(Data to process)
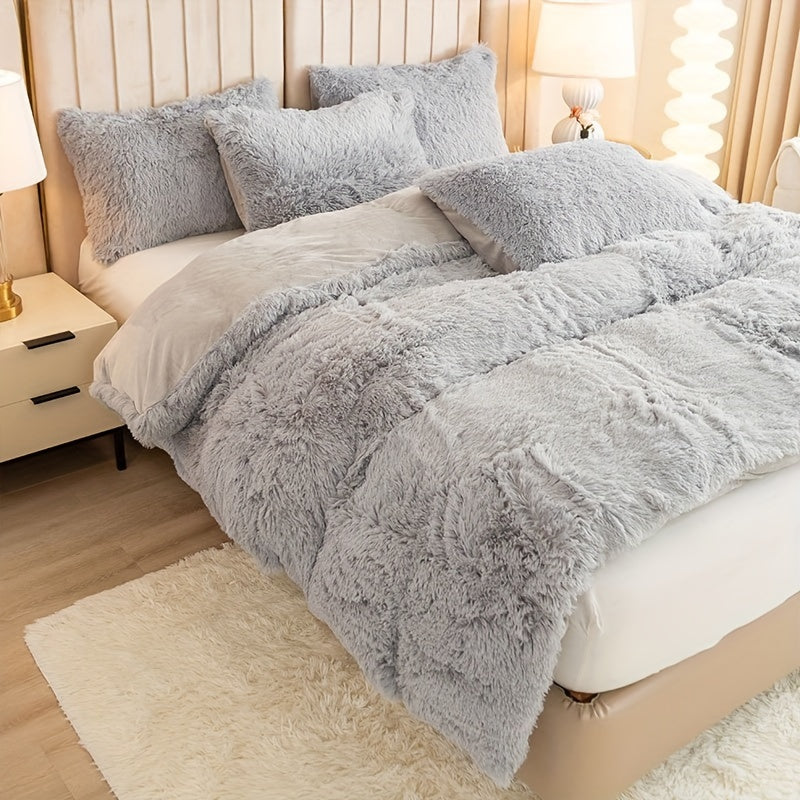 Multicolor Plush Cover Set – Soft Fluffy Bedding with Pillowcases
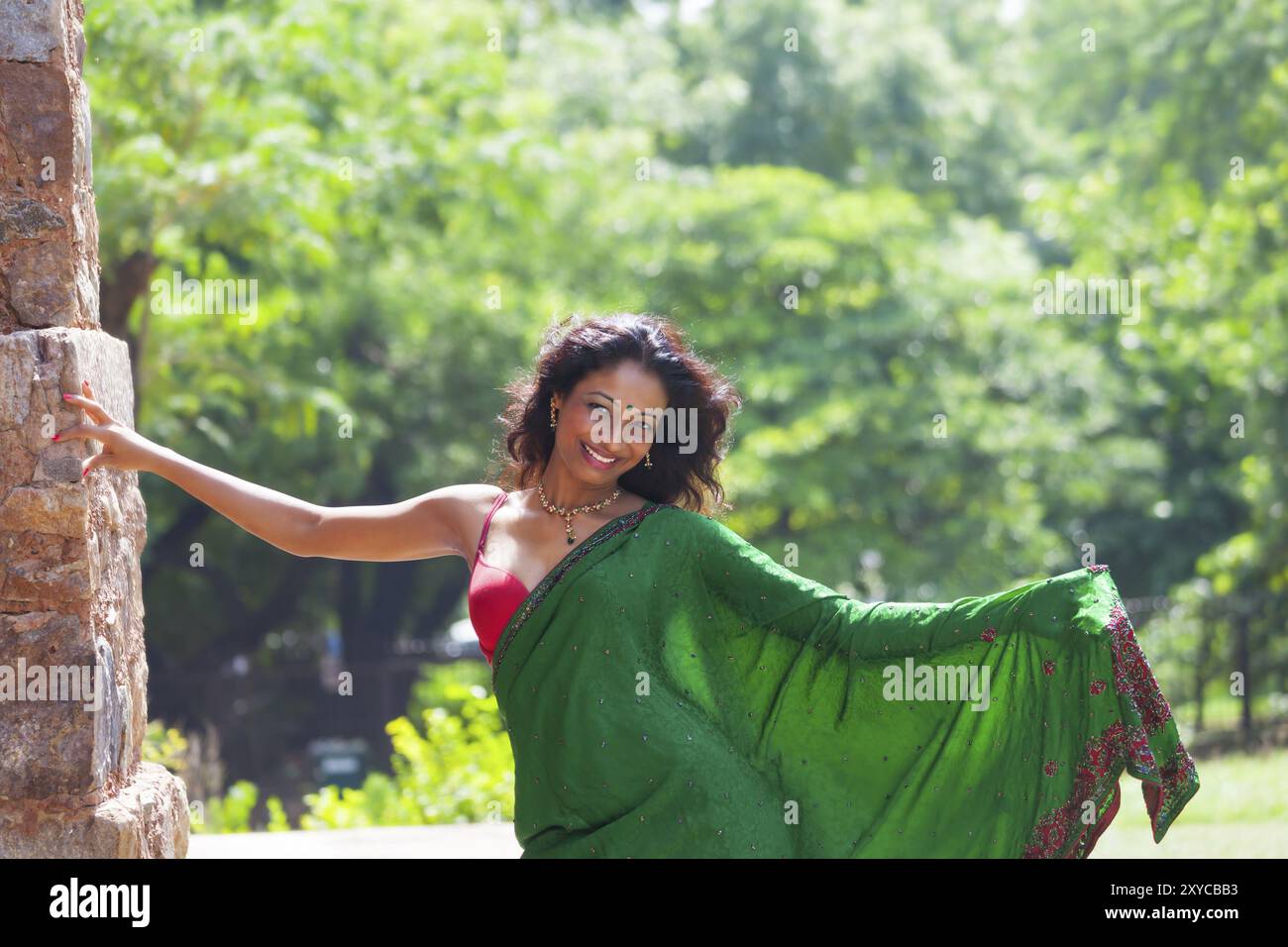 Young Indian woman in a saree Stock Photo - Alamy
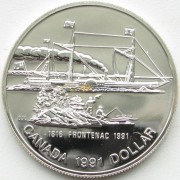Канада 1991 1 доллар Фронтенак пароход Канада 1991 1 доллар Фронтенак пароход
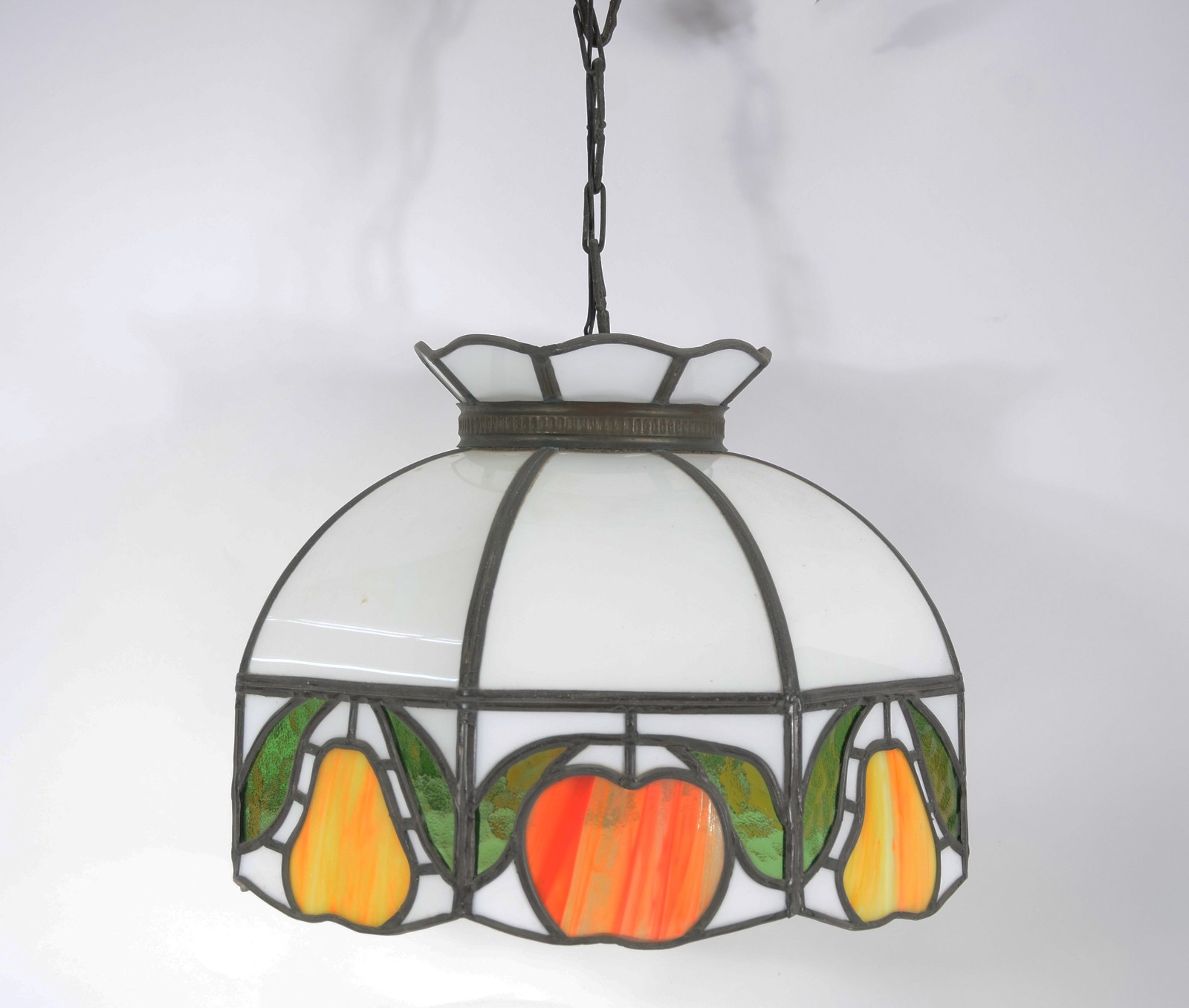 Lustre de metal com placas de vidro colorido - foto 1 de 6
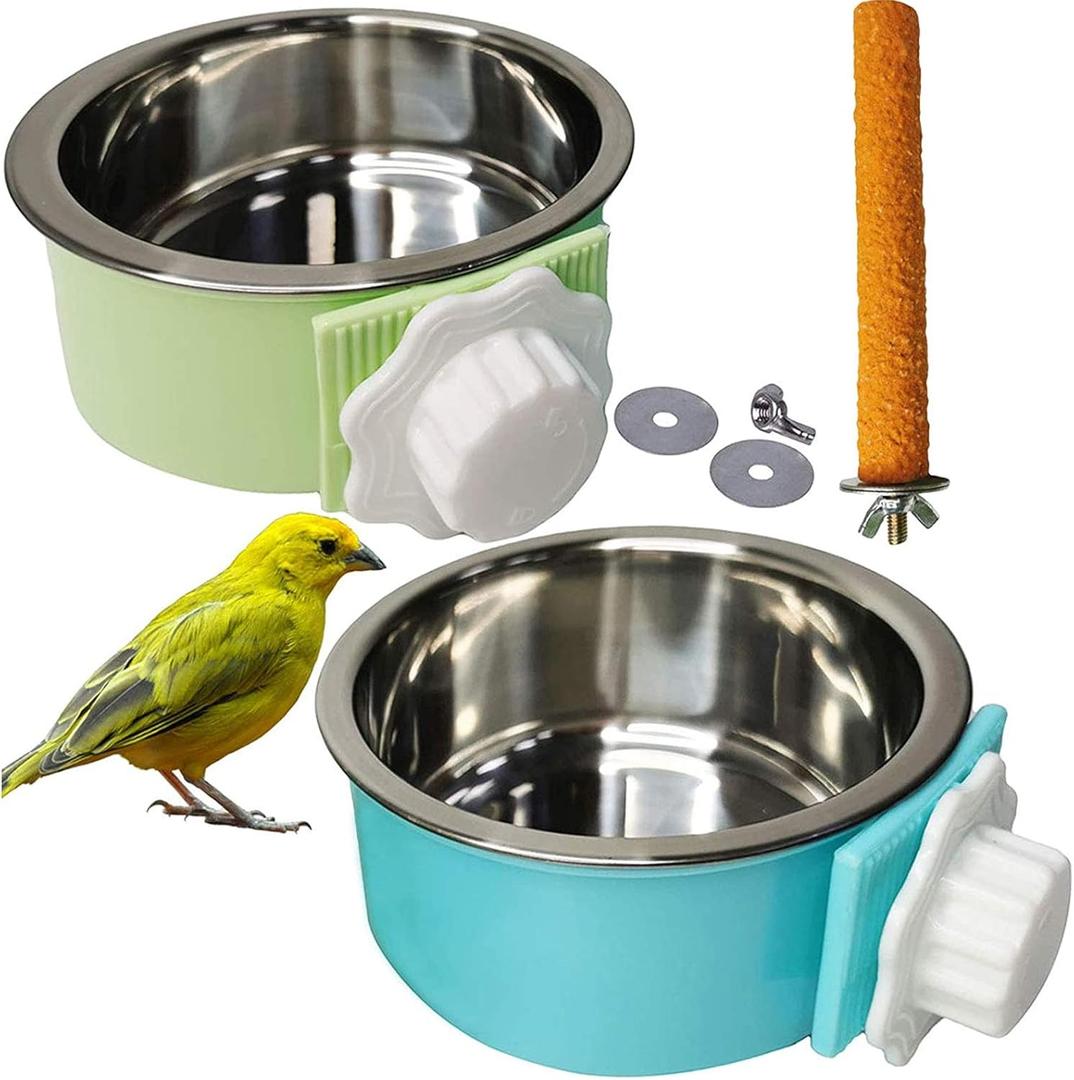 PINVNBY Bird Feeding Dish Cups, Detachable Stainless Steel Bowl, Eco-Friendly Plastic Bowl, Water and Food Bowl, Easy Installation, Prevents Upsetting, 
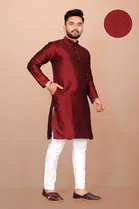 Cotton Blend Solid Kurta for Men (Maroon, XL)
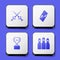 Set Fencing, Flippers for swimming, Award cup and Bowling pin icon. White square button. Vector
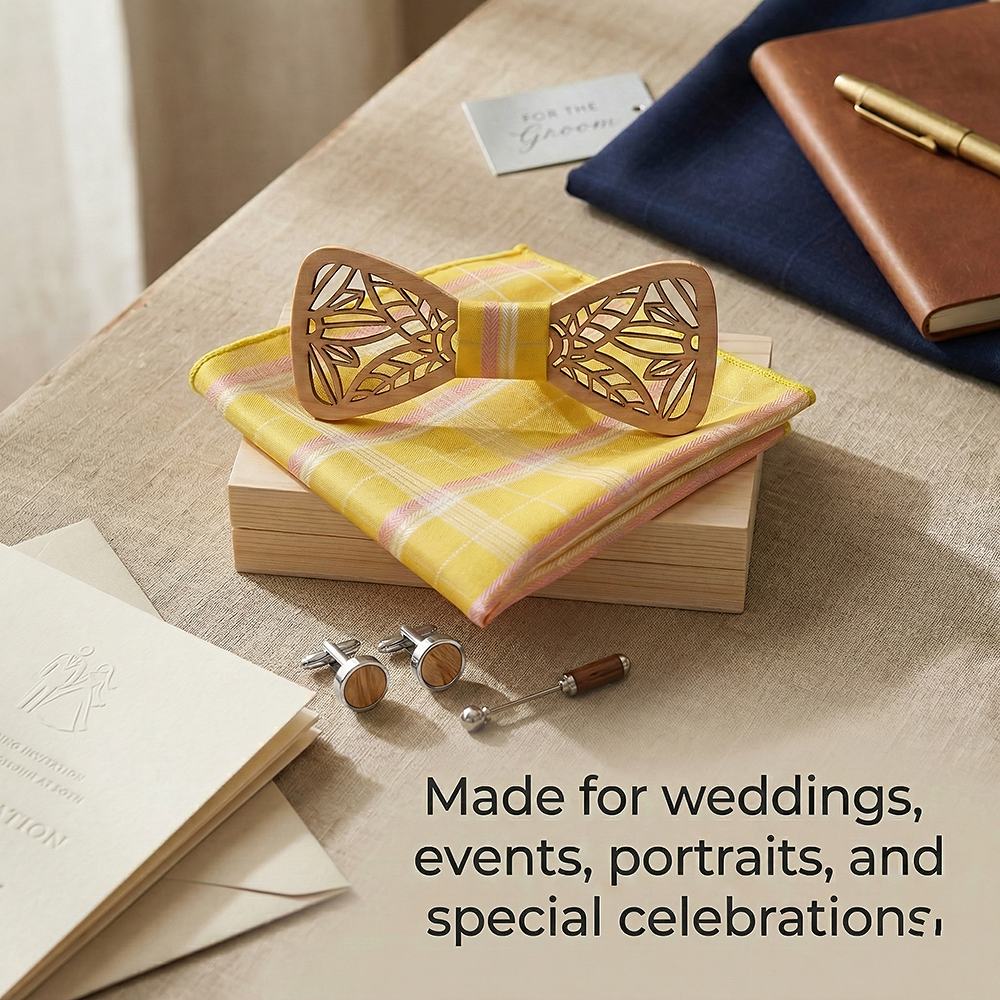 M78 M78  Triangle Line Cutout Bow Tie Set, Maple — view 4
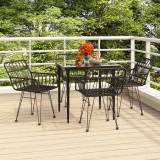 vidaXL Set mobilier de grădină, 5 piese, negru, poliratan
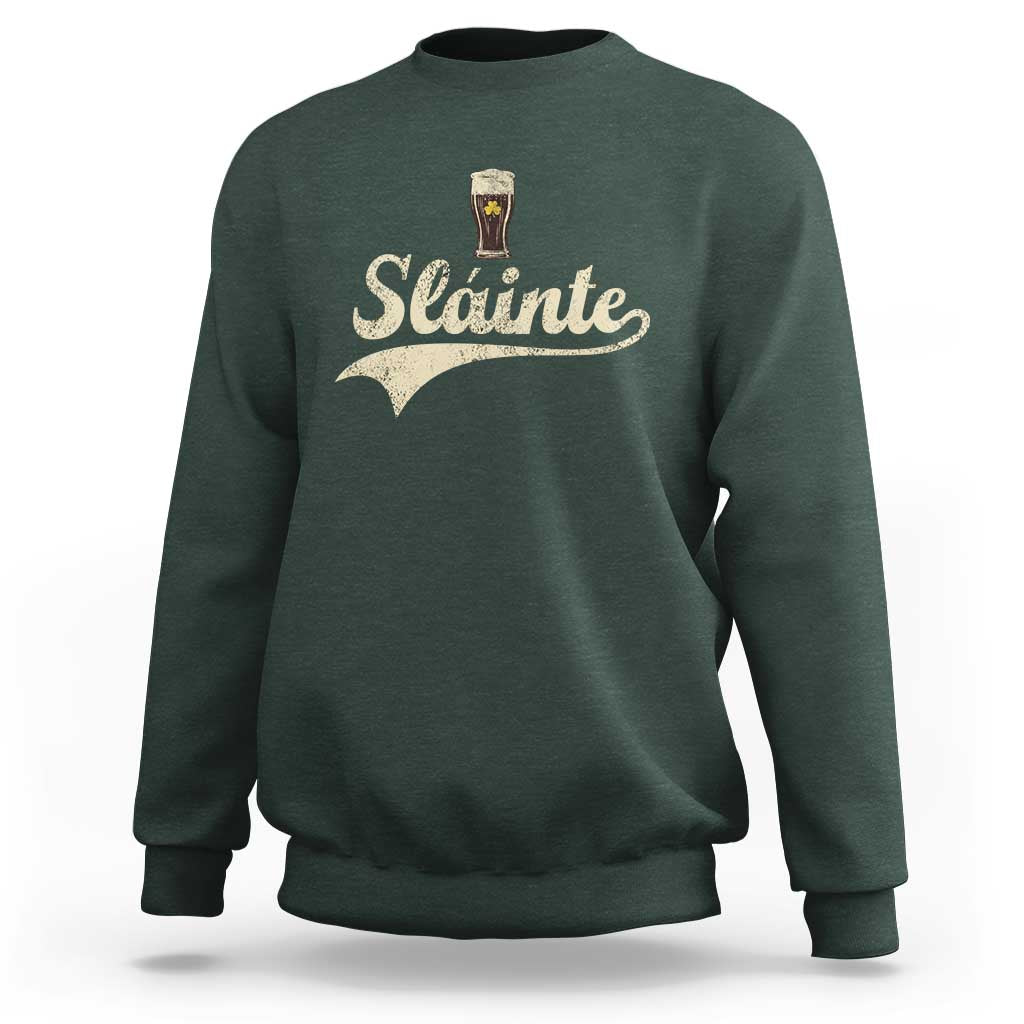 Funny Slainte Cheers Stout Beer Irish Shamrock St Patrick's Day Sweatshirt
(End Data to process)
Requirement: Reproduce all of the data exactly; the pictures do not belong in the copy.

Answer below:
 Multicolor Plush Cover Set – Soft Fluffy Bedding with Pillowcases
 Young Indian woman in a saree Stock Photo - Alamy
Канада 1991 1 доллар Фронтенак пароход Канада 1991 1 доллар Фронтенак пароход
 Lustre de metal com placas de vidro colorido - foto 1 de 6
 PINVNBY Bird Feeding Dish Cups, Detachable Stainless Steel Bowl, Eco-Friendly Plastic Bowl, Water and Food Bowl, Easy Installation, Prevents Upsetting, 
 Cotton Blend Solid Kurta for Men (Maroon, XL)
 Set Fencing, Flippers for swimming, Award cup and Bowling pin icon. White square button. Vector
 M78 M78  Triangle Line Cutout Bow Tie Set, Maple — view 4
 vidaXL Set mobilier de grădină, 5 piese, negru, poliratan
 Funny Slainte Cheers Stout Beer Irish Shamrock St Patrick's Day Sweatshirt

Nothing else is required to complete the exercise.